Start of DATA EXTRACTS

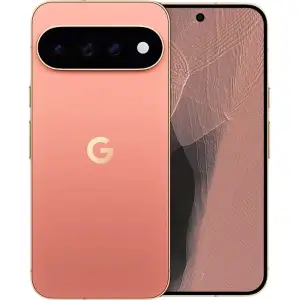 Смартфон Google Pixel 11 Pro 16/512GB Canyon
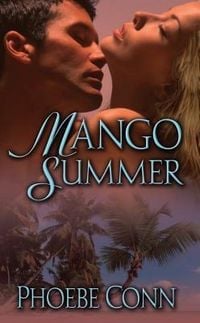 Produktbild: Mango Summer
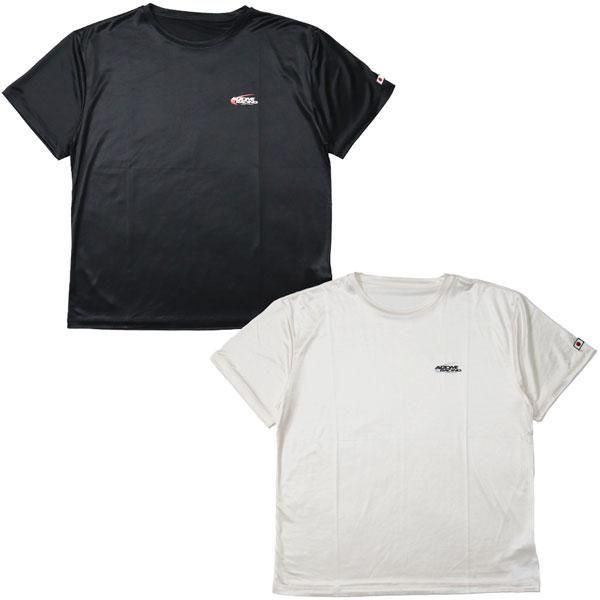 T-shirts, Cut & Sewn - CHINATOWN RIX online store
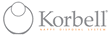 KORBELL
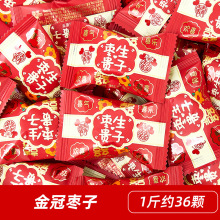 ��ڗ���ϲ�ǽY��ɢ�b���lӆ��ף�����Ն��w���ֶY�ǹ�����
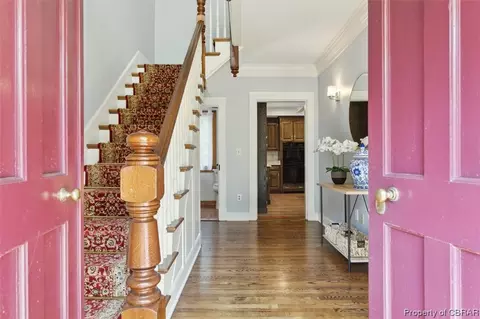 7175 Ware House Rd, Gloucester, VA 23061 photo 5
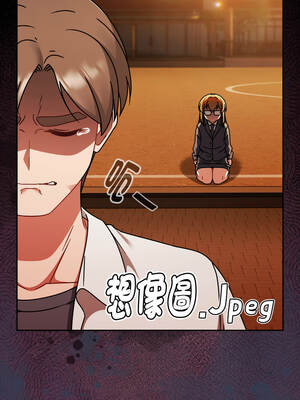 搶救拳擊館大作戰 64-65話_64_01_flnb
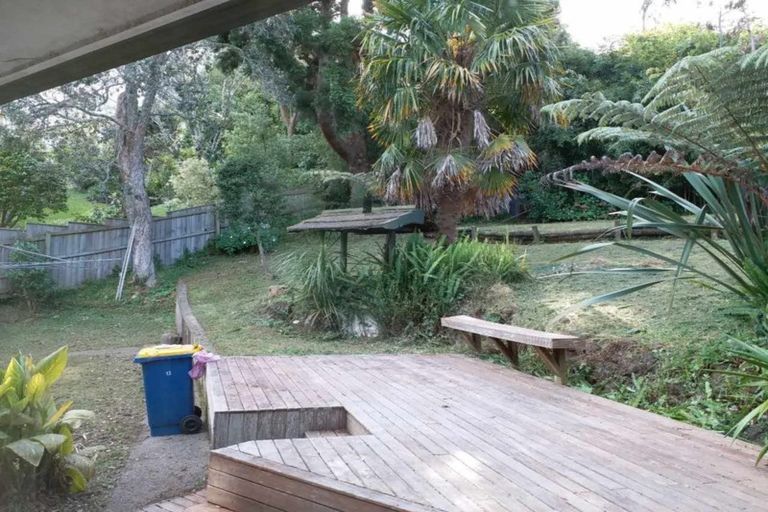 Photo of property in 4/1a Becroft Drive, Forrest Hill, Auckland, 0620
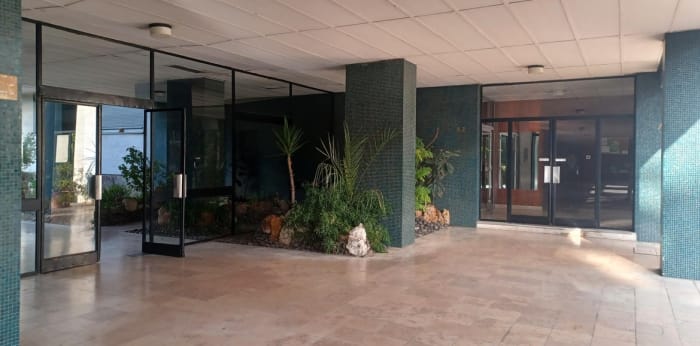 Image 11 sur 11 - Appartement  ·  Vente · Ivry Sur Seine (94200) · 1 pièce · 40m²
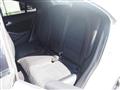 2016 Mercedes-Benz Mercedes-Benz Others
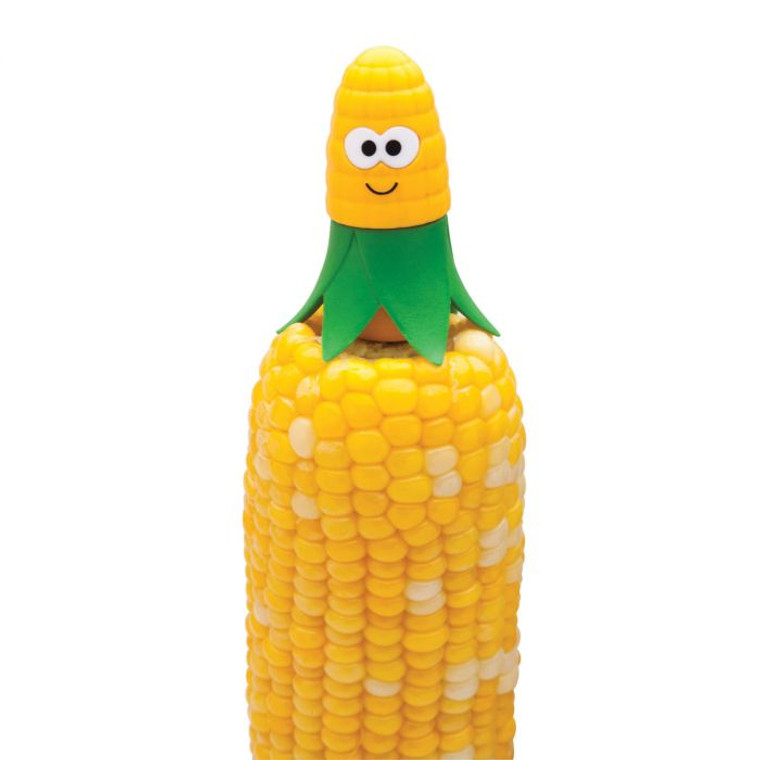 Corn Star Cob Holders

End of DATA EXTRACTS

Quote exactly, and only, the lines from the one containing "7175 Ware House" through the last line of the records above, both included; leave out any pictures.

* _ANSWER SPACE_:
 7175 Ware House Rd, Gloucester, VA 23061 photo 5
 搶救拳擊館大作戰 64-65話_64_01_flnb
 Photo of property in 4/1a Becroft Drive, Forrest Hill, Auckland, 0620
 Image 11 sur 11 - Appartement  ·  Vente · Ivry Sur Seine (94200) · 1 pièce · 40m²
 2016 Mercedes-Benz Mercedes-Benz Others
 Corn Star Cob Holders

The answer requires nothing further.